__WHAT THIS TASK INVOLVES__. The entries should each be set down again precisely.

[Crawled caption data]
■ ■ ■ ■ ■

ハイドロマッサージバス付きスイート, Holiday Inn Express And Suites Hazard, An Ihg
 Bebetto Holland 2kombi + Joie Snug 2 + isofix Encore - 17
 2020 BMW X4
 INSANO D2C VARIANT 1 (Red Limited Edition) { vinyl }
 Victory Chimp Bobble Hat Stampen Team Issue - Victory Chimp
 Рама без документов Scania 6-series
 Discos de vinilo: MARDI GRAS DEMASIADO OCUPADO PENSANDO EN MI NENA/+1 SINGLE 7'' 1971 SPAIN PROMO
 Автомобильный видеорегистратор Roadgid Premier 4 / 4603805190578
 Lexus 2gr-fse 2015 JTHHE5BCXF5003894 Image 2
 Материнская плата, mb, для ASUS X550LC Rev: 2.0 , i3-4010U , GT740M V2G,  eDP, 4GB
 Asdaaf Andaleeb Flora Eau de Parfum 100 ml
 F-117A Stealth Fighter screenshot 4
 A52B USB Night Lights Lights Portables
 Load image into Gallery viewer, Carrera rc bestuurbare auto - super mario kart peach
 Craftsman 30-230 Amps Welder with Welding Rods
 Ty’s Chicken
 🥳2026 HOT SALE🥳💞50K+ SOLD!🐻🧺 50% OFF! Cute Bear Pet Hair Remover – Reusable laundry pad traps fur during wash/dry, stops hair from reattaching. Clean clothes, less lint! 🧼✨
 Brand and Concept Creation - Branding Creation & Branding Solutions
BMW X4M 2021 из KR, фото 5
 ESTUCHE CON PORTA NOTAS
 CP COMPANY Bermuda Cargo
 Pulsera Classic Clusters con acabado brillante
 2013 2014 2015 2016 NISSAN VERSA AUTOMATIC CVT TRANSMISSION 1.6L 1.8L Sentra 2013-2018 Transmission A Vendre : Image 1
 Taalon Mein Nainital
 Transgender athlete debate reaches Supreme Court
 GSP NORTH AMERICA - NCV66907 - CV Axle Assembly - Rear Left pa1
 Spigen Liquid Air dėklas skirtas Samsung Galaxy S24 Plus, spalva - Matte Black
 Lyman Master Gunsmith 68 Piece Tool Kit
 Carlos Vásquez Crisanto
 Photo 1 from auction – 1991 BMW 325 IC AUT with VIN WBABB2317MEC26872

■ ■ ■ ■ ■

__RESPONSE AREA__.
ハイドロマッサージバス付きスイート, Holiday Inn Express And Suites Hazard, An Ihg
 Bebetto Holland 2kombi + Joie Snug 2 + isofix Encore - 17
 2020 BMW X4
 INSANO D2C VARIANT 1 (Red Limited Edition) { vinyl }
 Victory Chimp Bobble Hat Stampen Team Issue - Victory Chimp
 Рама без документов Scania 6-series
 Discos de vinilo: MARDI GRAS DEMASIADO OCUPADO PENSANDO EN MI NENA/+1 SINGLE 7'' 1971 SPAIN PROMO
 Автомобильный видеорегистратор Roadgid Premier 4 / 4603805190578
 Lexus 2gr-fse 2015 JTHHE5BCXF5003894 Image 2
 Материнская плата, mb, для ASUS X550LC Rev: 2.0 , i3-4010U , GT740M V2G,  eDP, 4GB
 Asdaaf Andaleeb Flora Eau de Parfum 100 ml
 F-117A Stealth Fighter screenshot 4
 A52B USB Night Lights Lights Portables
 Load image into Gallery viewer, Carrera rc bestuurbare auto - super mario kart peach
 Craftsman 30-230 Amps Welder with Welding Rods
 Ty’s Chicken
 🥳2026 HOT SALE🥳💞50K+ SOLD!🐻🧺 50% OFF! Cute Bear Pet Hair Remover – Reusable laundry pad traps fur during wash/dry, stops hair from reattaching. Clean clothes, less lint! 🧼✨
 Brand and Concept Creation - Branding Creation & Branding Solutions
BMW X4M 2021 из KR, фото 5
 ESTUCHE CON PORTA NOTAS
 CP COMPANY Bermuda Cargo
 Pulsera Classic Clusters con acabado brillante
 2013 2014 2015 2016 NISSAN VERSA AUTOMATIC CVT TRANSMISSION 1.6L 1.8L Sentra 2013-2018 Transmission A Vendre : Image 1
 Taalon Mein Nainital
 Transgender athlete debate reaches Supreme Court
 GSP NORTH AMERICA - NCV66907 - CV Axle Assembly - Rear Left pa1
 Spigen Liquid Air dėklas skirtas Samsung Galaxy S24 Plus, spalva - Matte Black
 Lyman Master Gunsmith 68 Piece Tool Kit
 Carlos Vásquez Crisanto
 Photo 1 from auction – 1991 BMW 325 IC AUT with VIN WBABB2317MEC26872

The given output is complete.